Chaque chose me fait penser à lui, une recette, un film, une histoire, même une pub à la télé.
Chaque chose est imprégnée de lui. Ma vie est un tissu fait de simple coton, mais brode de fils d’or. Le coton, dans ma métaphore, c’est moi, quant à l' or, et bien c’est lui…
Ma vie avant lui, j’étais quoi? Une taie d’oreiller, mal repassée. J’étais déjà un peu usée, lessivée avec une lessive de mauvaise qualité . Terne éteinte et les couleurs passées.
Puis je fus brodée de fils d'or, point de chaînette, passé plat, point de nœud, j’eu droit à tout.
Et je devins digne de paraître sur son lit.
Avant, je n’étais point, je survivais ( je suis une survivante, parait il, je préfère résiliente )
Je faisais ce que les gens attendaient de moi. Espérant ainsi capter leur attention, si ce n'est leur amour…
Et d’un coup d’un seul, je me trouvais belle, je me trouvais aimable. J’avais mon fil d’or, nous étions imbriqués.
Je n’étais plus usée, on avait rapiécé mes quelques déchirures.
Cela a duré pendant 14 années, bien sûr il fallut encore qu’on me raccommode de temps en temps, , le fil d’or s’usait parfois, alors je le renforçais, et il me renforçait de même.
Et puis, mauvaise lessive, ou essorage trop fort, la couture s’est rompue.
Mais plus solide que moi, le fil d’or orne désormais une paire de draps bon marché. Et moi, taie d’oreiller, mes teintes sont passées, je suis toute froissée. Mon fil d’or me manque, je ne vois plus de moi, que mes déchirures, mes pièces rapiécés. Adieu point d'épi, point de croix, point bouclette...
Nul fil d’or ne viendra plus m’orner. Dans le fond du placard, je vais être reléguée.

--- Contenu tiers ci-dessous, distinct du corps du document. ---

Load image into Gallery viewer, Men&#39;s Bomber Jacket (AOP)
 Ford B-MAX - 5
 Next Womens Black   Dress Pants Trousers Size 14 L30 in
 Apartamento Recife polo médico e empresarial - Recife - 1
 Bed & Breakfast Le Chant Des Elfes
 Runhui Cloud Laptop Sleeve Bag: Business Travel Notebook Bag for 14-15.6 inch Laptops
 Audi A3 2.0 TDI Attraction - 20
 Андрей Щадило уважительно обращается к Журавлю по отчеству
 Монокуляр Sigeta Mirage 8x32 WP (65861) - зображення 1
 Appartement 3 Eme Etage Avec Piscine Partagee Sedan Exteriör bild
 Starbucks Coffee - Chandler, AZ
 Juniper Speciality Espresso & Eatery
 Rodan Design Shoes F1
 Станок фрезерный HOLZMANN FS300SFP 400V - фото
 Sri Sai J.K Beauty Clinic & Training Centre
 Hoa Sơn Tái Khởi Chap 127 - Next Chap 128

Voilà toutes mes pensées petit journal, tu es désormais le journal d’un âme effacée, d’une taie d’oreiller, bien terne, mal repassée
Peut être que l’on tirera de moi de quoi faire un mouchoir pour les yeux embués.
Peut-être une pochette pour ranger des trésors, boutons en bois, dés à coudre et bobine de fil d’or…


Aline Gendre 13 hours ago
Vous regorgez de trésors. Et votre valeur ne dépend de personne. Mais je comprends très fort ce que vous voulez dire ... Ce n'est pas si facile de se rapiécer.